Installée depuis vingt-cinq ans au Clos Centeilles, Patricia Boyer-Domergue a replanté des cépages anciens dès 1997, tout d'abord des blancs - riveirenc, piquepoul gris, clairette gris, araignan -, puis en 1999 des noirs - piquepoul, oeillade, morastel. Elle cultive 12 ha au total, dont 3 ha de cépages retrouvés, puis multipliés pour constituer une vigne. « J'ai recherché les cépages qui avaient fait la renommée des vins du Languedoc au XVIIIe siècle. Ils sont très tardifs et apportent beaucoup de fraîcheur. Ils composent deux de mes neuf vins : le C de Centeilles rouge, qui allie piquepoul, riveirenc, morastel et oeillade, et le C de Centeilles blanc où l'on trouve de l'araignan et du riveirenc gris et blanc. Ces mélanges en font des crus uniques. Mais j'y consacre beaucoup de temps. Les cépages anciens adorent la maladie, notamment l'oïdium. Je suis obligée d'enlever les anticipés [les entre-coeurs, NDLR], de passer la soufrette au stade de deux feuilles, puis de cinq feuilles étalées. Il faut ensuite trier les grappes. Cela me demande beaucoup d'attention et de suivi, et me donne trois fois plus de travail qu'avec des cépages récents. Je n'en planterai jamais davantage. »
Le chauché gris adopté par l'IGP charentais
Depuis 2003, le Conservatoire du vignoble charentais a retrouvé 71 cépages qu'il conserve dans sa collection ampélographique. Parmi eux, le chauché gris, forme grise du trousseau noir du Jura, était très cultivé entre le XIIe et le XVIIIe siècle avant le développement de la distillation. Il a été replanté dès 2005 afin de tester son aptitude à produire des vins de pays et des moûts pour le pineau des Charentes.

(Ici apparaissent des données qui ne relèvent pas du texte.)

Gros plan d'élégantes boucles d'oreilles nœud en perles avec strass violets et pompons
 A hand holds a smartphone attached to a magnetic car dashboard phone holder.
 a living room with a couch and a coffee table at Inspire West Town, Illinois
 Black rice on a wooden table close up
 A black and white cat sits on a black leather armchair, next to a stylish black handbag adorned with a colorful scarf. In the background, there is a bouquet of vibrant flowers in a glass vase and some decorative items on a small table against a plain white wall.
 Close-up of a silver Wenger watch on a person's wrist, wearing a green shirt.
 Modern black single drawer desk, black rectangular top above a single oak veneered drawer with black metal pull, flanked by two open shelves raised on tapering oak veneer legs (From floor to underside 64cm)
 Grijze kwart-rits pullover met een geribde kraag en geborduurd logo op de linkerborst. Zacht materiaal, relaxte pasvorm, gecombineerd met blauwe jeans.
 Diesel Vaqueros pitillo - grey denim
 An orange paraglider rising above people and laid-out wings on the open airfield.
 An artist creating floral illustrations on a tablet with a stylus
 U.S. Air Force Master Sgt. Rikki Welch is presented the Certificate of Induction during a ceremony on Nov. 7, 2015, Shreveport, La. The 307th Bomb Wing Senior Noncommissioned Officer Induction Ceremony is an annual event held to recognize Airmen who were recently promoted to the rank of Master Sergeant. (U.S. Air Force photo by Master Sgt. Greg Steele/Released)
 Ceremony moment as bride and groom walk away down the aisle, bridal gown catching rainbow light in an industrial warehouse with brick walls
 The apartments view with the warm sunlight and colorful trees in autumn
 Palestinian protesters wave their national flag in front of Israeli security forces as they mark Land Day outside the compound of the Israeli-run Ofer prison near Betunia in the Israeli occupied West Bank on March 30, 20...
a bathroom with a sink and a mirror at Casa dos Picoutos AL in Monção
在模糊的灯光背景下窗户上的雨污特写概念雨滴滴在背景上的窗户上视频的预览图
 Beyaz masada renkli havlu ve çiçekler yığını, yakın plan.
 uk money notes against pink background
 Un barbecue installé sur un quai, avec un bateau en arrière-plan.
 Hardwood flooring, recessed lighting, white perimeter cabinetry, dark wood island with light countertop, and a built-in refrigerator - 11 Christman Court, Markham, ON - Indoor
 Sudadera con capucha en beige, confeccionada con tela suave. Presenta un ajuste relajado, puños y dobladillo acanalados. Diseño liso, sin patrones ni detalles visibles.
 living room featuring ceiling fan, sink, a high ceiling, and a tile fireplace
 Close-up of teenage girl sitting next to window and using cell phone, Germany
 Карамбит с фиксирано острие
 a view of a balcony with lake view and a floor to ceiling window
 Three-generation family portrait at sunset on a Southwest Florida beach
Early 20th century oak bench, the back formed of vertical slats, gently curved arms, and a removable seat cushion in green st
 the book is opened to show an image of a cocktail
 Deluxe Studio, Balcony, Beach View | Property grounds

Ce cépage précoce à petit rendement est assez sensible au botrytis, mais il « permet d'élaborer des vins typés, aromatiques et corsés », lit-on dans le catalogue officiel des variétés. Les démarches du conservatoire ont permis de l'inscrire à ce catalogue en 2011, puis au cahier des charges de l'IGP charentais en juillet dernier. Pour le pineau sous AOP, il faudra encore attendre un an.
Le conservatoire a engagé un important programme de recherche pour le cognac avec le BNIC. L'objectif est d'évaluer la résistance aux maladies et au changement climatique de plusieurs cépages au rendement élevé et de les comparer à l'ugni blanc. Trois parcelles de monbadon ont ainsi été plantées chez Courvoisier, Rémy Martin et Hennessy en 2015. Deux parcelles de cinq croisements à base d'ugni blanc sont installées depuis 2014 aux Domaines Martel et à la Fondation Fougerat. Enfin, trois porte-greffes historiques, le 107 vidal, le vivet 15 et le BC2, seront évalués avec l'Inra de Bordeaux. La multiplication du matériel végétal est en cours.